- Work task -
Return the lines of the material below exactly, beginning with the line that has "Item #146057 Journal" in it and finishing with the line that has "Panty triangular ligero" in it. Leave all pictures aside.

- Material supplied -
---------------

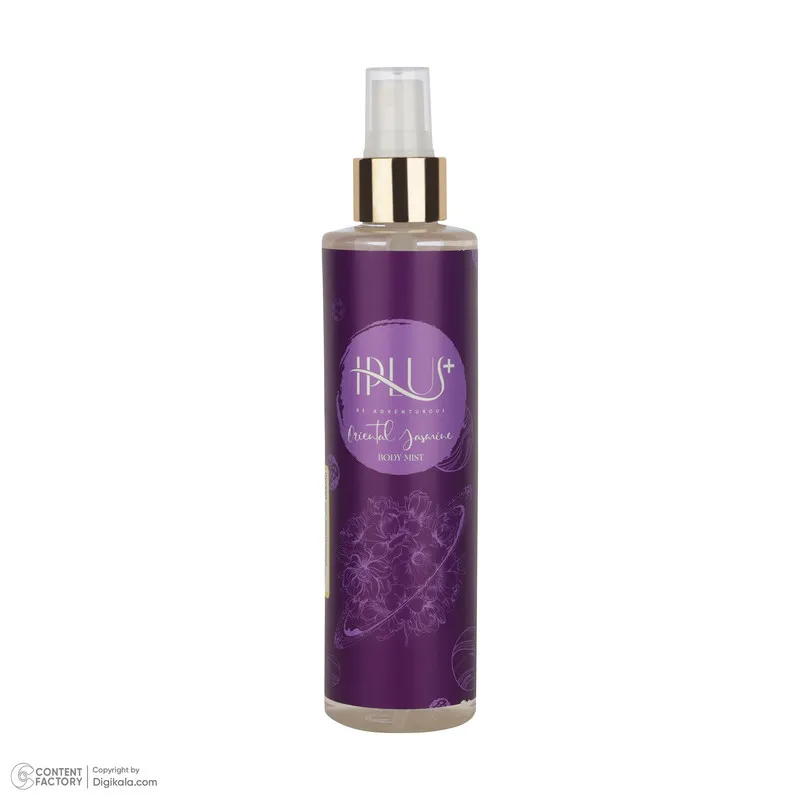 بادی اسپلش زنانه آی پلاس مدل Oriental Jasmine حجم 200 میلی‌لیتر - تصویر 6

---------------

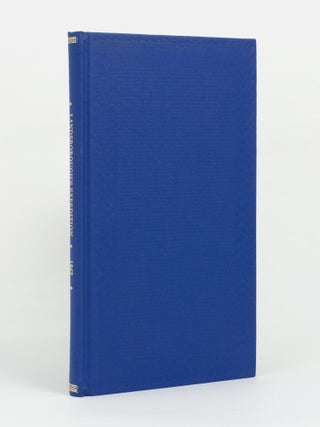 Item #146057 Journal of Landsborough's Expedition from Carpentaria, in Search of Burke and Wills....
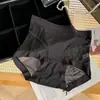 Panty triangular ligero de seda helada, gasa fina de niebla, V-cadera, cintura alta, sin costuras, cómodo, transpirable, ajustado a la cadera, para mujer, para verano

---------------

- Result of this exercise -
 Item #146057 Journal of Landsborough's Expedition from Carpentaria, in Search of Burke and Wills....
 Panty triangular ligero de seda helada, gasa fina de niebla, V-cadera, cintura alta, sin costuras, cómodo, transpirable, ajustado a la cadera, para mujer, para verano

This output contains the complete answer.